Young as You | M E Kopp

‘That’s not you’, the young boy jabs the photo. He hovers over the old man, who sits in a plastic lawn chair, and breathes hot youth down the man’s sagging neck. The boy is six or seven, or maybe even five or eight, but it really doesn’t matter to the old man; he’s never been good at telling time.

‘Sure it is, Cowboy. That’s me.’ The old man says.

‘That don’t look anything like you.’ The boy’s right, really. But the old man can’t see anyone but himself staring back in sepia. ‘You were never young as me,’ Cowboy croons.
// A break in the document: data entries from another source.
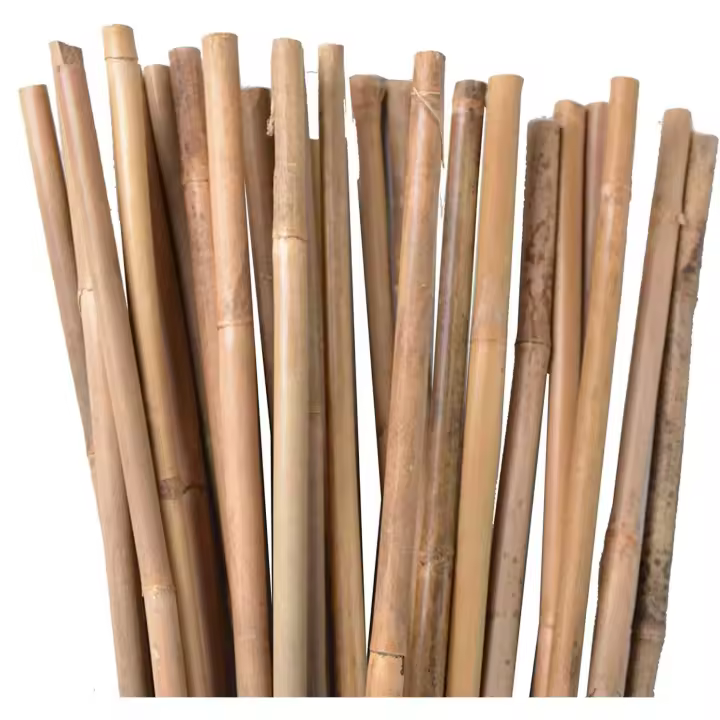 C.A - Tutores de Bambú| Varillas de Bambú Resistentes para Plantas, Árboles y Hortalizas | Soporte para Plantas, Tomates | Tutores para Plantas trepadoras - 1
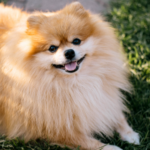 Pomeranian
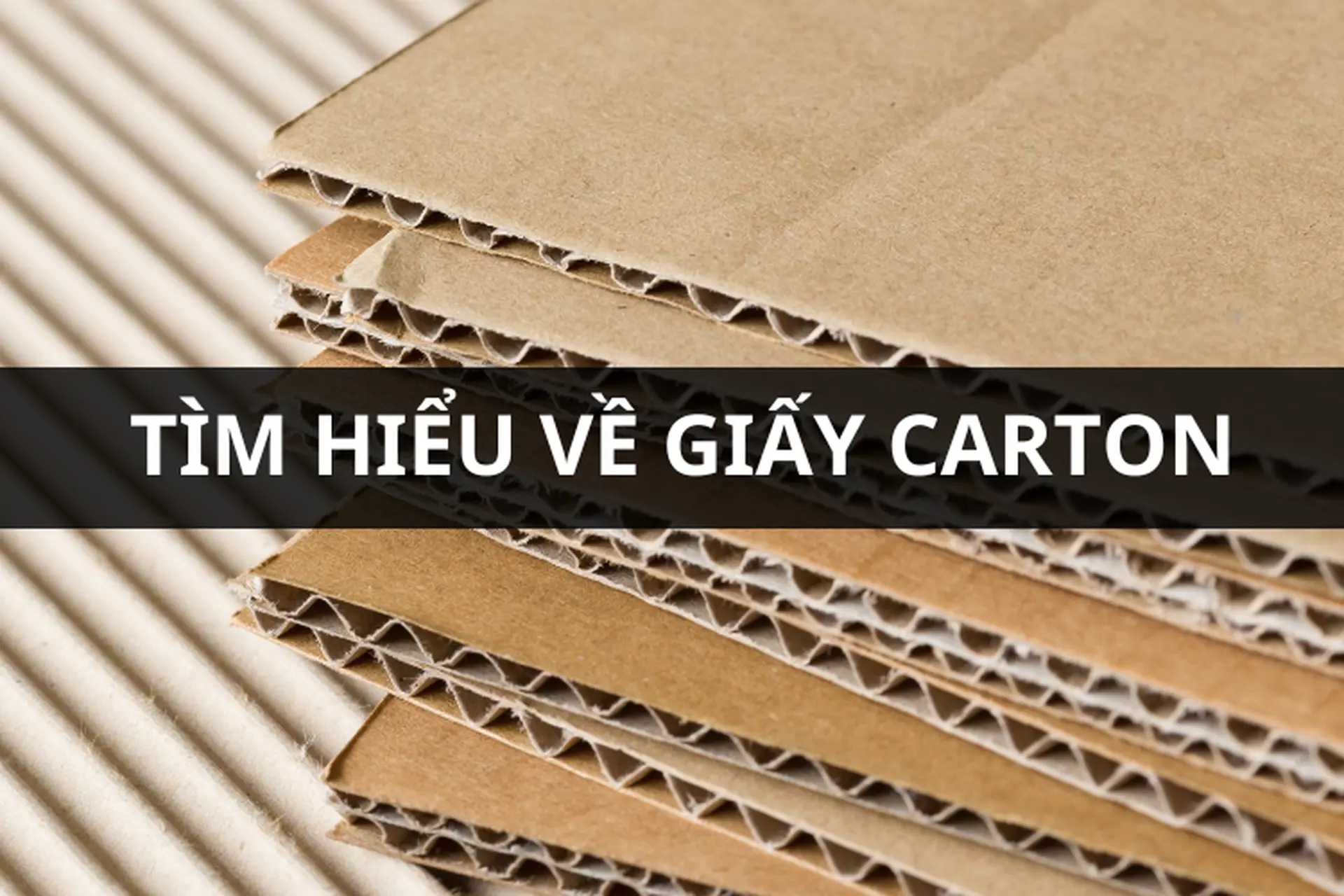 Giấy carton là gì? Tìm hiểu ưu điểm, phân loại chi tiết và vai trò trong đời sống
He’s the only one hanging out at Grumps’ place. All summer, neighborhood kids come and go throughout the sweltering afternoons: they stretch out on the shady front porch, slurp on Grumps’ freezer-burned Popsicles, and dig through junk in his garage. Grumps tells tales to all the neighborhood kids, but they never begin with when I was your age. Not like the stories over-rouged old women and flabby old men told while sunning their skinny white legs outside Trinity Nursing home. Nope. When Grumps told stories about the great flood of ‘67, how the Mississippi swelled into the kitchen and he swam around to make a jelly sandwich, or about the bullet Uncle William took during a Jesse James shootout, or even about his pinky sliced clean off by a hockey stick during the Olympics trial, the kids all just assumed he’d always been old.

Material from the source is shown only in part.